In the real world, we know that businesses and consumers will respond to both tax cuts and tax hikes, and they do so in fairly predictable ways. Tax cuts spur investment, which spurs hiring, which spurs additional payroll taxes – and that leads to a positive feed-back effect for government treasuries. Yet it is exactly this kind of feedback effect that static analyses miss.  

It happened in the early 1960s, when President Kennedy’s plan to cut the top marginal tax rate from 91 percent to 70 percent took effect. Total tax revenues actually climbed 4 percent, despite predictions that the cuts would plunge the country deeply into debt. It happened again when President Reagan cut the top rate from 70 percent to 50 percent in 1981.  Economists employing the static models now in use at key government agencies predicted federal revenues would fall by $330 billion over five years. Instead, they fell by $79 billion, and the economy boomed.  

Even more interesting is the recent revenue growth from capital gains.
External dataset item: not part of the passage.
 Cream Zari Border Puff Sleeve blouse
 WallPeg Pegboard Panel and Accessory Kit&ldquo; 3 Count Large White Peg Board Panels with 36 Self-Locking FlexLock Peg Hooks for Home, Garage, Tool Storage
The JCT forecast revenue declines following the 2003 tax rate reduction. That’s exactly what many in official Washington expected, too. However, the recent explosion in capital gains revenues — now well above the $40 billion forecast — indicates the strong economic reaction that followed the cut in the after-tax price of trading appreciated assets, like stocks and bonds.  

In these cases, taxpayers got higher post-tax incomes, expanded economic opportunities and better financial security. The government got a faster-growing economy, more people working, more taxable earnings per worker and, thus, more revenue than “static” estimates had predicted.

Advocates of dynamic scoring must be careful not to oversell its capabilities or benefits. There are legitimate disagreements about which economic models best capture the economic effects of tax policy changes. There also is little reason to believe that tax cuts, even the best ones, will pay for themselves right away through super-nova revenue reflows from a stronger economy. Finally, the technical difficulties of economic modeling mean that this technique should be reserved for only the most important tax issues.

Even so, we get better, more transparent government by encouraging the introduction of more economics into the evaluation of tax policy choices and the occasional use of dynamic scoring models to advise policy makers on the really big tax bills. Better government and better tax policy is, I believe, a winning combination of benefits that assures the widespread adoption of dynamic analysis and scoring.  

William W. Beach is the Director of the Center for Data Analysis at the Heritage Foundation.